• SOURCE MATERIAL:
▼

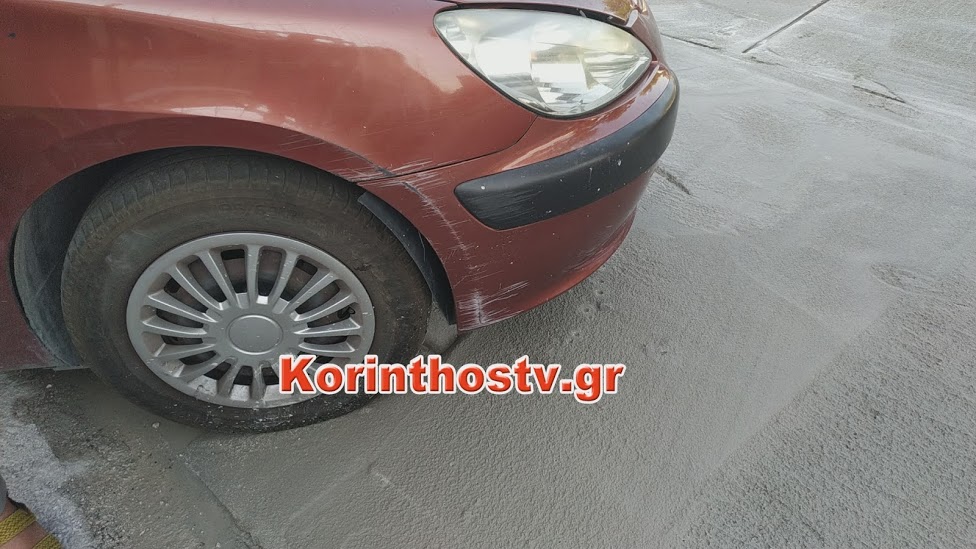 Κόρινθος: Πάρκαρε σε υπό κατασκευή πλατεία και έριξαν μπετό γύρω από το I.X του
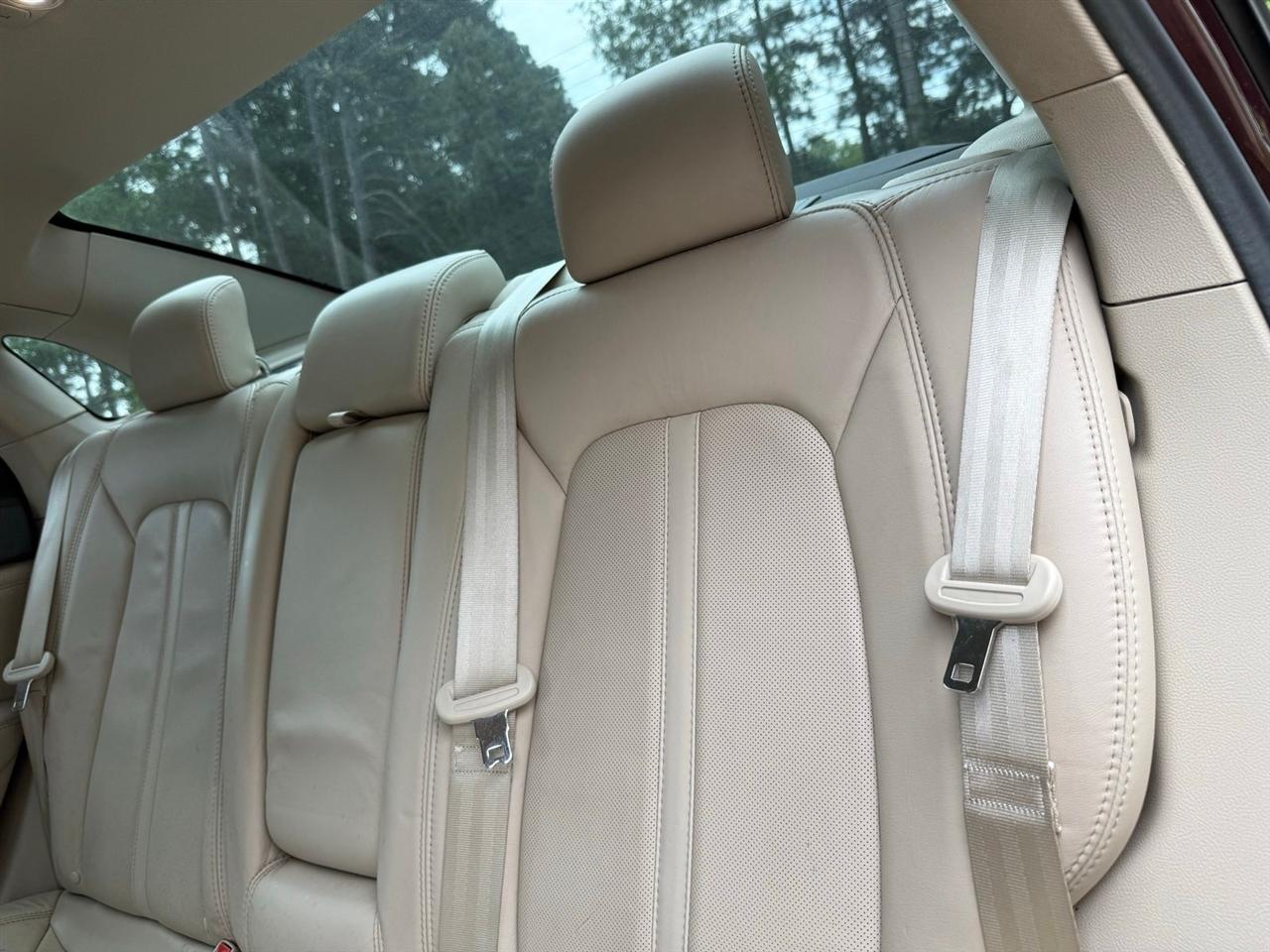 Lincoln MKZ  2017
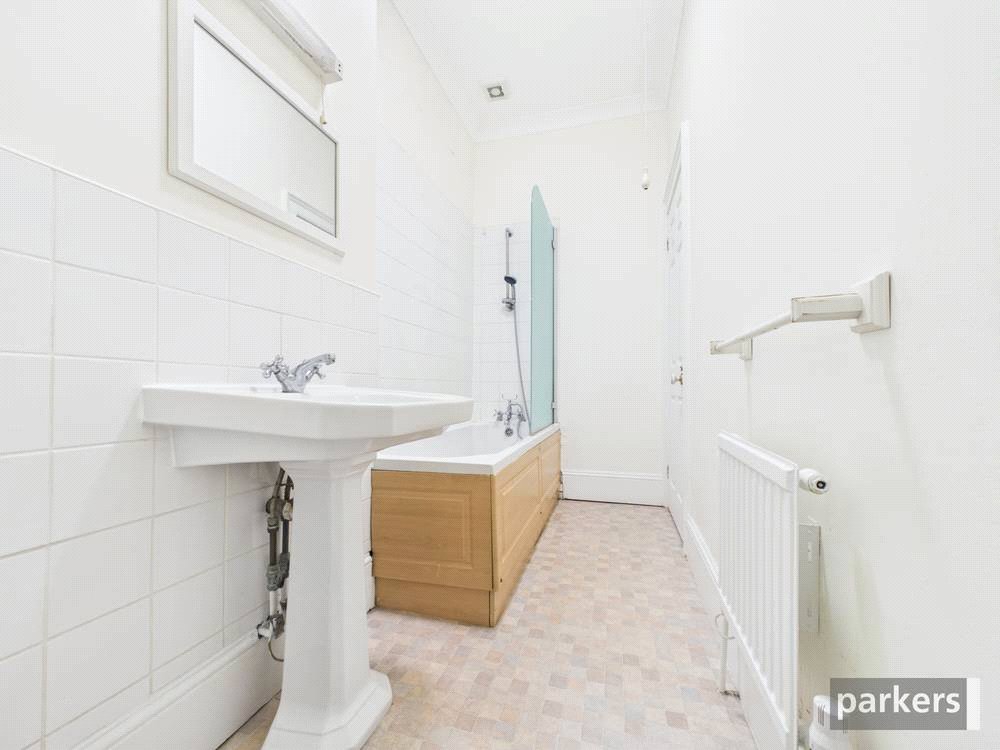 1 bedroom Flat for sale in London Road, Reading, Berkshire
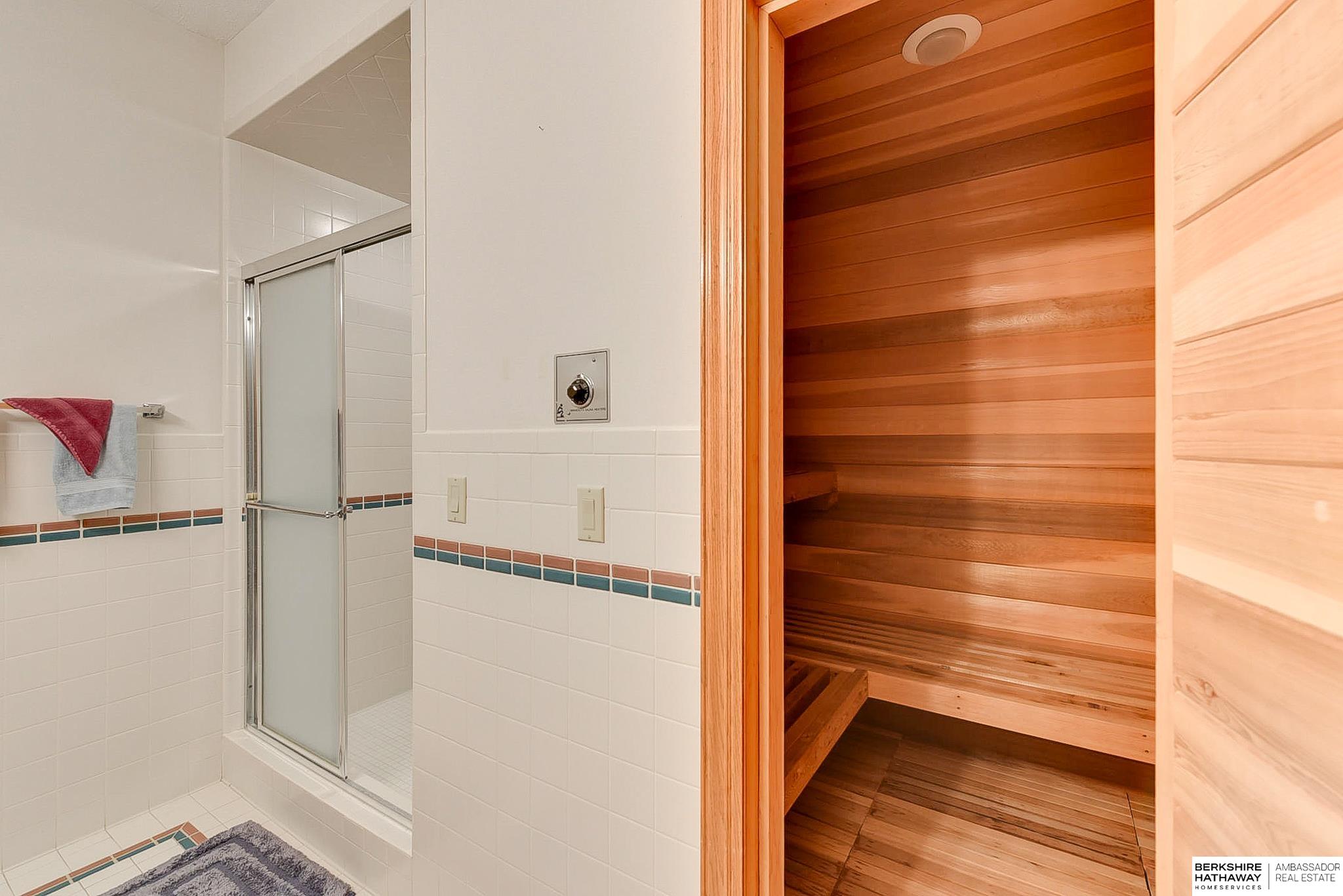 Omaha, Nebraska 68114, United States, 5 Bedrooms Bedrooms, ,4 BathroomsBathrooms,Residential,Active,111138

▲

• PROBLEM TO WORK ON: Print the listing exactly, but skip its pictures.

• OUTPUT FOR THIS TASK:
 Κόρινθος: Πάρκαρε σε υπό κατασκευή πλατεία και έριξαν μπετό γύρω από το I.X του
 Lincoln MKZ  2017
 1 bedroom Flat for sale in London Road, Reading, Berkshire
 Omaha, Nebraska 68114, United States, 5 Bedrooms Bedrooms, ,4 BathroomsBathrooms,Residential,Active,111138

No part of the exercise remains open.